今更Linuxですか?今更Linuxです。
全体的な進度としては超ゆっくりになる予定。
平行で問題演習も行っている感じだとどうしても暗記しなければいけない部分もでてきますが、根本的な理解や体系的な学習によって暗記量は減らせると思います。
さんざん言われていることですが、Linuxの勉強は実際に環境を作ってコマンドを打ち込みながらやることを推奨です。
幸いにも最近では個人でもクラウドサーバを簡単に立てたり、超スペックのPCじゃなくてもホスト上に仮想マシンを構築することができるようになっているので勉強しようと思ったときの敷居は下がっているのではないかと思います。
Linuxをいじれる環境がすぐにない場合は参考まで。
LPICレベル1は特別難しいものではありませんが、全く触ったことがない人からしたらいろんな参考書がこの辺の内容から始まるのは正直結構きついのではないかと思います。
今回は多少Linuxを触ったことがあるぐらいの人(私)も弱いと思われる起動周り。
システムの起動
前提としてLinuxコンピュータが起動する際には以下の順序で処理が行われる。
※但しシステムによって微妙に違いがある模様
BIOS
BIOSは正式名称Basic Input Output Systemという入出力基本システムのこと。
マザーボードに搭載されたフラッシュROMに書き込まれコンピュータを起動した際に最初に動作する。
HDDなどの最低限のデバイスを認識して起動デバイスの順位を決める。また、キーボードやハードディスクなどのハードウェアレベルでの制御を行う。
MBR(Master Boot Record)からブートローダを読み込み、制御をブートローダに渡す。
近年ではBIOSの後継であるUFFIの普及が進んでいる。
MBR 【 Master Boot Record 】 マスターブートレコード
MBRとは、ハードディスクなどのストレージ(外部記憶装置)の最も先頭にある、起動に必要なプログラムや情報を記録した小さな領域。
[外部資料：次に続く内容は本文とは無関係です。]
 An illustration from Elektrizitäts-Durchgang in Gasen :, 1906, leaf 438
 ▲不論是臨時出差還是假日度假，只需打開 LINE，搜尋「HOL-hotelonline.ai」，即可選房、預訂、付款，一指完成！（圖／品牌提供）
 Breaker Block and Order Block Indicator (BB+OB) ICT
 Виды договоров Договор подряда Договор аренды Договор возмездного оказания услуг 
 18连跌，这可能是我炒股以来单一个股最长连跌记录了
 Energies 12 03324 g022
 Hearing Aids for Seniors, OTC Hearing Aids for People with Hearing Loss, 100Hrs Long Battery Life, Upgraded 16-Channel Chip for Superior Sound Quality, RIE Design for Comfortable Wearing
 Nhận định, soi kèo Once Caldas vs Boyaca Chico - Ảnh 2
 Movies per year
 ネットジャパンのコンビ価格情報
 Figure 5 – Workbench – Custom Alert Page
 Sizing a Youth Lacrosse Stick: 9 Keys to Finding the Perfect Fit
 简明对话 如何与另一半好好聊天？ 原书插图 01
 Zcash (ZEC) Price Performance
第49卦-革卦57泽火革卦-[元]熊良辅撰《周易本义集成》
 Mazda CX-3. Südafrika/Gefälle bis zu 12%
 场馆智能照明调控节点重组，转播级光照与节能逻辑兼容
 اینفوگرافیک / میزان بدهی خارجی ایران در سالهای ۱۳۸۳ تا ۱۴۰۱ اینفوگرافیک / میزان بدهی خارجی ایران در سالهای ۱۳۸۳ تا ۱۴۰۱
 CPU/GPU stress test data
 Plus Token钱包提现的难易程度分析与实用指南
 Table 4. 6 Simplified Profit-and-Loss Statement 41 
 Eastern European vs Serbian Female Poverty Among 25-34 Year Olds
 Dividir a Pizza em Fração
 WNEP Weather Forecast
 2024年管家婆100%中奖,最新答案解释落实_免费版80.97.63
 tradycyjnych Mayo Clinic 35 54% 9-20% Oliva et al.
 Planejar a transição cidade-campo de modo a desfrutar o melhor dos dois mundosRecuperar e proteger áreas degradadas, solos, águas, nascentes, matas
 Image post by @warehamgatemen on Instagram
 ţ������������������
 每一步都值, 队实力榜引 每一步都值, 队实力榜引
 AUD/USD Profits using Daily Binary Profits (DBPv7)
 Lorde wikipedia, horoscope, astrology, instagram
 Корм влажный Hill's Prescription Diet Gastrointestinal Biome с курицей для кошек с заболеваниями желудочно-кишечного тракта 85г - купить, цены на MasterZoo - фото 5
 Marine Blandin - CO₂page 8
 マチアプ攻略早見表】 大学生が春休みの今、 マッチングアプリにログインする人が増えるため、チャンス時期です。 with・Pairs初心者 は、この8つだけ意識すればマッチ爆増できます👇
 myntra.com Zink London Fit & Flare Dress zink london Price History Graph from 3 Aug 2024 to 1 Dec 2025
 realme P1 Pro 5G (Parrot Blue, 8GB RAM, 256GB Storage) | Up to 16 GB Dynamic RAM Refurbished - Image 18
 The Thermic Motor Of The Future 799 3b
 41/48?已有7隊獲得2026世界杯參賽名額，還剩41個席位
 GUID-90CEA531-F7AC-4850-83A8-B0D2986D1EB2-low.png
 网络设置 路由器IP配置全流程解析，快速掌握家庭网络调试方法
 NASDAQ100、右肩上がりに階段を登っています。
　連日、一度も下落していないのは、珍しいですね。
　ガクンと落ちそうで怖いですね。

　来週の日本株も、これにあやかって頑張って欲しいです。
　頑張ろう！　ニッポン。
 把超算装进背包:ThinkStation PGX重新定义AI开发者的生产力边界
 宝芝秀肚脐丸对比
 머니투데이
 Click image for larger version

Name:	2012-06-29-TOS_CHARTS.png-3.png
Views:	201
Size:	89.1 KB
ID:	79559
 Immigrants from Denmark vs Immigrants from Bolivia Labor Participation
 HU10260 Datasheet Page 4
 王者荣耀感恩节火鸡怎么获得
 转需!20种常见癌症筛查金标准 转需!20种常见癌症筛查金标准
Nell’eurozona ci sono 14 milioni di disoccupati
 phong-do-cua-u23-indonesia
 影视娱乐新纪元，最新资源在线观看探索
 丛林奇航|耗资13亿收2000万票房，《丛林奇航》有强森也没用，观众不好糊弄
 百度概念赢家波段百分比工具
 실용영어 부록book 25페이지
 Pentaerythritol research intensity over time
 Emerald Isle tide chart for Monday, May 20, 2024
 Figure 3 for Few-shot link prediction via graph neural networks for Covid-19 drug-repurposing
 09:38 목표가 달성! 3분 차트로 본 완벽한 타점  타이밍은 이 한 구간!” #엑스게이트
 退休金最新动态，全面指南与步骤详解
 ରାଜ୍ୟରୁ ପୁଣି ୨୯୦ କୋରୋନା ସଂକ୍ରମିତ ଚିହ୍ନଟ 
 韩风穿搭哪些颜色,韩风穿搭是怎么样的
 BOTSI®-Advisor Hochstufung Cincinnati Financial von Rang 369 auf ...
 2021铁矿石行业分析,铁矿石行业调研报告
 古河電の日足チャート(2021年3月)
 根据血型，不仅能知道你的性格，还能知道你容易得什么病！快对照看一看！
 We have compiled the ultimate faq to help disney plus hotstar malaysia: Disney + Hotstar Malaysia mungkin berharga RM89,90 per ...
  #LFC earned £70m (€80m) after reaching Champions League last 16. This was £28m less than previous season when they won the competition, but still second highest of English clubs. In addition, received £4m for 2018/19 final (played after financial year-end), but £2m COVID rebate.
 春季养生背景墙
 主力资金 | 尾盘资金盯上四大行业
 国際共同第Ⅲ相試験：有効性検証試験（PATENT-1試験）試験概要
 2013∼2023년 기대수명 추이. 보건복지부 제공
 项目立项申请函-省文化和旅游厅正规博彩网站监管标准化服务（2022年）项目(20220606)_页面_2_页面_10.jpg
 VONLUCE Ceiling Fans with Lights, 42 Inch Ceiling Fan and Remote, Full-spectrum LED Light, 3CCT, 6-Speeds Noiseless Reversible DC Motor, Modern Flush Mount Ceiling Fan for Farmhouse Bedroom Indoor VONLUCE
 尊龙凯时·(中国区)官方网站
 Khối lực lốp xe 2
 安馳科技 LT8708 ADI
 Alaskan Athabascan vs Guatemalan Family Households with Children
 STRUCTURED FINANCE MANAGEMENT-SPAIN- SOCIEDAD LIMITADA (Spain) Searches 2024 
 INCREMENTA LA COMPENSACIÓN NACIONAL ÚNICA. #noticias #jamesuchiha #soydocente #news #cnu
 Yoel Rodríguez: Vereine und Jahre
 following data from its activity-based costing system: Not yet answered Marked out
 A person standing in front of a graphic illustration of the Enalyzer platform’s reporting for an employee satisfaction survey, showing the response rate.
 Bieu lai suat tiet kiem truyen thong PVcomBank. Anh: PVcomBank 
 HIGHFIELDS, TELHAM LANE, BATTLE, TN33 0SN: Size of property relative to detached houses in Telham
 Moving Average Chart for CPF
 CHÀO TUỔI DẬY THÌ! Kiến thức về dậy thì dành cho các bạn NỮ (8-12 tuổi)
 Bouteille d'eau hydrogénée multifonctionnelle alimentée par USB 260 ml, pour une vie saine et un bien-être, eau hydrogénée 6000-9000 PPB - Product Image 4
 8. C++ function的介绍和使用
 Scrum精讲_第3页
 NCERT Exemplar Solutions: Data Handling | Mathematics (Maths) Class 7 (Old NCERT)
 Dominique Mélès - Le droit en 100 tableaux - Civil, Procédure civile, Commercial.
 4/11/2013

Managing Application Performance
コンピュータの起動時に最初に読み込まれる。
引用元:MBR(マスターブートレコード)とは - IT用語辞典 e-Words
ブートローダ
LinuxではGRUB(またはGRUB2)が該当する。
MBRは512バイトの容量で以下のような構成となっている。
ブートストラップローダ | 446バイト |
---|---|
第1パーティション情報 | 16バイト |
第2パーティション情報 | 16バイト |
第3パーティション情報 | 16バイト |
第4パーティション情報 | 16バイト |
ブートシグニチャ | 2バイト |
ブートローダがカーネルと初期RAMディスクイメージをメモリにロードし、カーネルに制御を渡す。
パーティション情報にはパーティションの位置情報や起動情報が記録されている。
カーネル
カーネルではメモリの初期化やシステムクロックの設定を行い、メモリ上に展開された初期RAMディスクイメージを使用してルートファイルシステムをマウントする。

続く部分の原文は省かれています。